Era l’estate del 1816 quando un gruppo di poeti guidati da Lord Byron, si ritrovò isolato, a causa del mal tempo, sulle rive del lago di Ginevra.
Spinti dalla suggestione di quel sublime paesaggio i membri del gruppo decisero, per ingannare il tempo, di competere tra loro nella creazione di un racconto che fosse il più spaventoso possibile.
Nacque così “Frankenstein ossia il moderno Prometeo” dalla mano e dalla mente brillante della diciannovenne Mary Woolstonecraft Godwin, in Shelly.
Questo racconto con la sua forza e con la sua originalità riuscì in breve a imporsi nella cultura, nel folklore e nell’immaginario comune, fino a diventare uno degli emblemi del romanzo gotico.
TRAMA: La storia racconta della vita di Victor Frankenstein, scienziato, filosofo e uomo amatissimo, sia dagli amici sia dalla famiglia; egli, nel corso dei suoi studi universitari, scoprì il modo di rianimare la materia morta. Questa scoperta lo esaltò a tal punto che, in preda a un raptus creativo, decise di dare vita a una creatura di sembianze umane, ma di dimensioni gigantesche, dotandola quindi di una maggiore forza, agilità e intelligenza.
Disgustato dall’orrore della sua stessa creazione Frankenstein cadde in preda a una violenta febbre che lo costrinse a letto per diversi mesi, privandolo delle facoltà di agire e ragionare. Soltanto quando ebbe recuperato le forze si rese conto che “il Demonio” da lui creato era scappato dal suo laboratorio e ora vagava libero per il mondo.
Inizia così una corsa contro il tempo in cui il povero scienziato dovrà cercare di catturare l’orrida creatura, prima che la sete di sangue e vendetta di quest’ultima raggiunga la sua famiglia e i suoi affetti.
COMMENTO:
“Ti ho chiesto io, Artefice,
Di modellarmi uomo dalla mia creta?
Ti ho sollecitato io
A liberarmi dall’oscurità?”
Questi brevi versi de “Il Paradiso Perduto” scelti dalla stessa autrice, sono quelli che senza dubbio descrivono meglio il libro.
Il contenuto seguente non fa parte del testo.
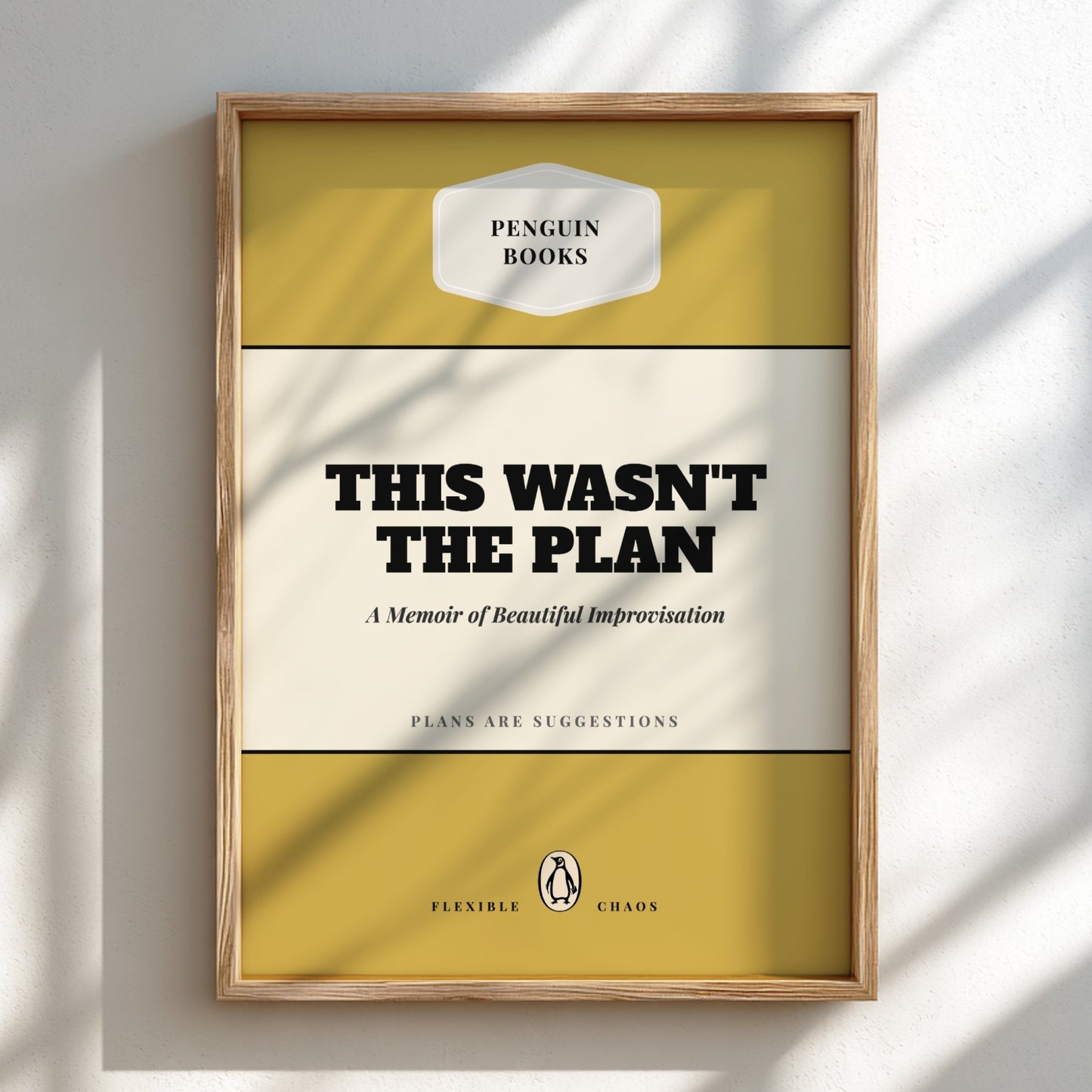 Framed book cover of 'This Wasn't the Plan' by Penguin Books on a light background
Scritto in epoca romantica il testo è impregnato delle idee del movimento che si stava diffondendo in quegli anni nel vecchio continente.
Concetti come il Luciferismo (l’ambizione che spinge gli uomini a violare i confini posti da Dio stesso) o il Sublime (l’estasi provata dall’uomo dinnanzi alla grandiosità e alla potenza della natura) permeano tutto il libro, rendendolo un caposaldo della letteratura ottocentesca.
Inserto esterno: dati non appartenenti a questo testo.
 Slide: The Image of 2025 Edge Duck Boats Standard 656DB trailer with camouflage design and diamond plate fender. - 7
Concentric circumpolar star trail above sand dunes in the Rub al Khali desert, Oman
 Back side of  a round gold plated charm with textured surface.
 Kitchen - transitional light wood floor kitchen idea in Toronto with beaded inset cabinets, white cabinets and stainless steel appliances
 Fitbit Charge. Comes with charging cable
Ispiratasi alle contemporanee teorie del galvanismo, che sostenevano di poter infondere la vita nella materia morta, la giovane Mary Shelly è riuscita a creare un romanzo che ha stupito, meravigliato e terrorizzato intere generazioni.
Ma il vero colpo di genio dell’autrice è stato quello di raccontare la storia da due diverse prospettive:
- La prima è quella di Victor Frankenstein, chiamato dall’autrice “Moderno Prometeo”, definizione emblematica, in quanto il mito del titano, che cadde in disgrazia per portare il dono del fuoco agli uomini, ben si confà alla situazione dello scienziato, che si vede gradualmente sottrarre i suoi affetti dal mostro che egli stesso ha creato.
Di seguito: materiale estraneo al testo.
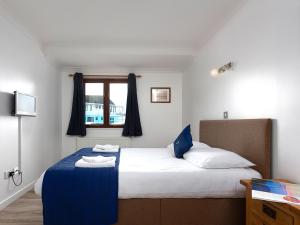 a bedroom with a bed with blue and white sheets and a window at Heron in Wroxham +3 photos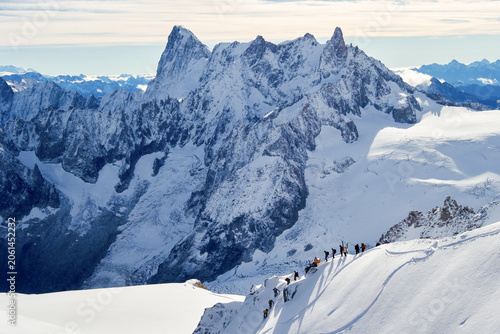 Hikers Climb Across Snow-Covered Alpine Mountains, Viewed from Aiguille du Midi, Chamonix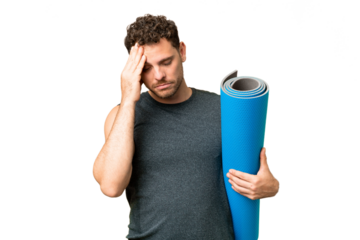 Young sport man going to yoga classes while holding a mat over isolated chroma key background with headache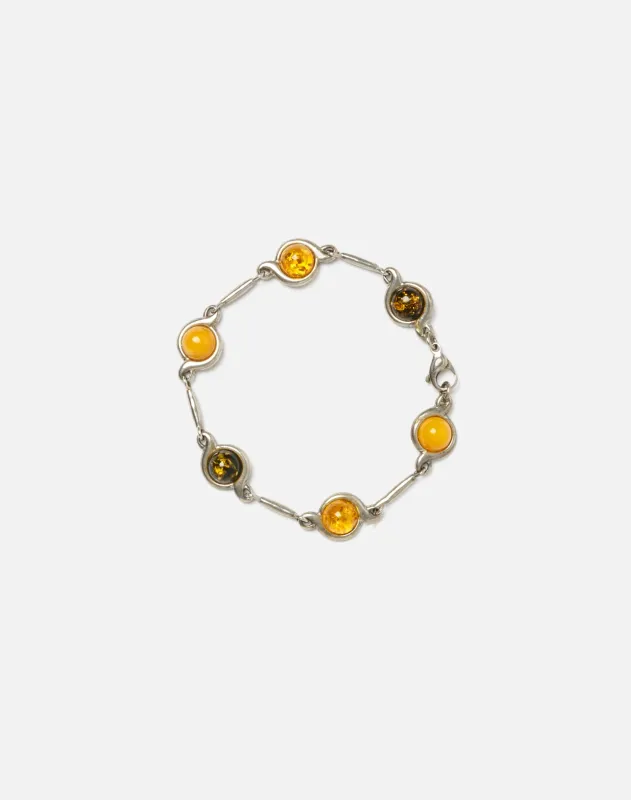 1900s Sterling and Amber Tennis Bracelet sold by Re/Done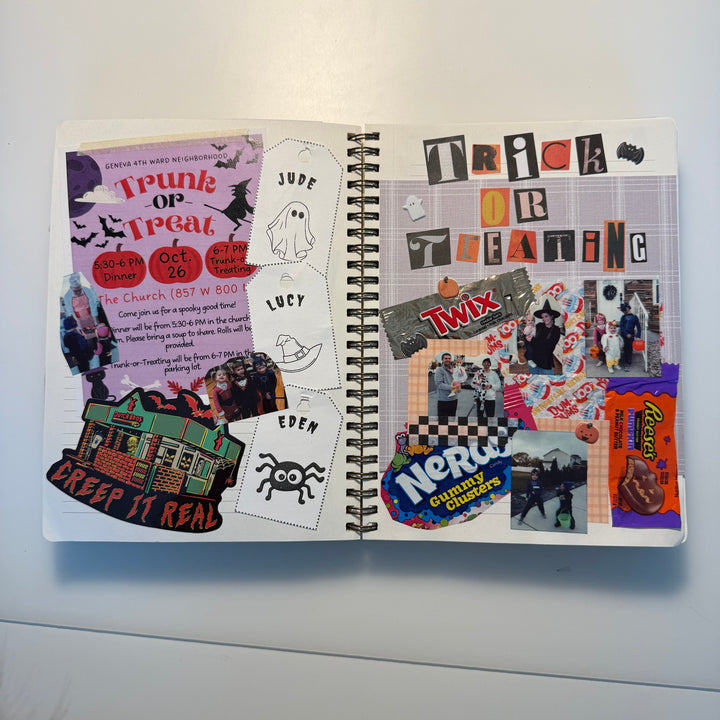 An open spiral notebook showing a Halloween-themed collage spread with stickers, cutout letters, ghost illustrations, candy graphics, and handwritten notes on a white surface.
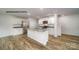 Contemporary kitchen boasts an island, stainless steel appliances, and light cabinets at 890 Two Brothers Ln, York, SC 29745
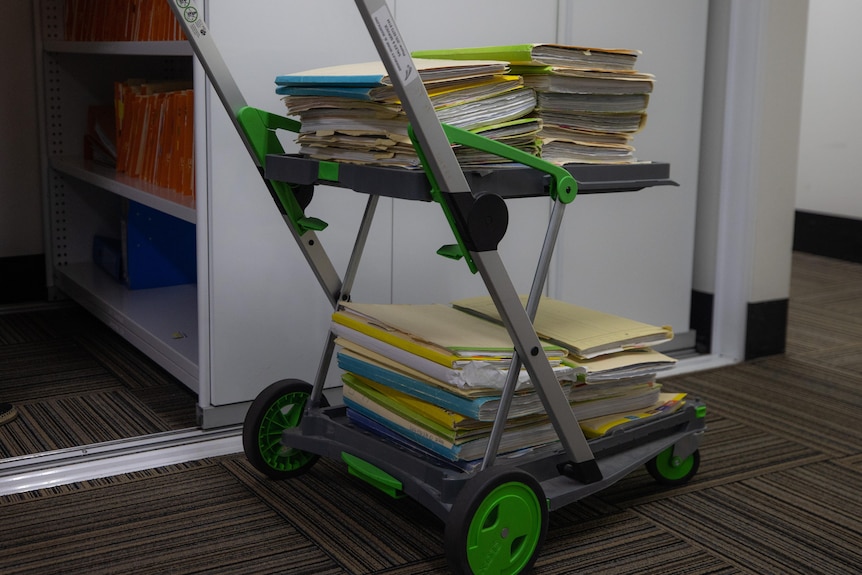 A metal trolley in a corridor stacked with manila folders and files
- La seconda è quella della Creatura, che tramite flashback, racconta la sua vita al suo creatore; ed è proprio la storia del mostro la parte più intrigante e avvincente dell’intero romanzo.
Veniamo a sapere che se pur di aspetto orripilante la Creatura era di indole mite, ma la malvagità degli uomini, che continuavano ad attaccarla quando la vedevano, la trasformò in un mostro sanguinario.
La metafora dell’autrice è evidente: la Creatura simboleggia l’essere umano, che di per sé non è né buono né cattivo; la Creatura infatti, come gli uomini, si interroga sulla sua origine: si chiede il motivo del perché è al mondo, e non trovando risposta, poiché abbandonata dal creatore, cerca di colmare il senso di vuoto e solitudine della sua esistenza con la compagnia e gli affetti delle altre persone.
Ma la continua sofferenza provata nel sentire di non essere accettata, nel venire continuamente respinta, strazia e mutila il suo cuore, fino a cambiare radicalmente la sua natura, rendendola un Mostro.
La morale dell’autrice è quindi duplice: la storia di Frankenstain insegna che ci sono limiti che non possono essere valicati con troppa leggerezza, perché le nostre azioni hanno delle conseguenze; la storia del Mostro insegna invece a non giudicare mai dalle apparenze, e imparare ad accettare il prossimo, liberandoci dalle catene forgiate dagli stereotipi e dai pregiudizi della società.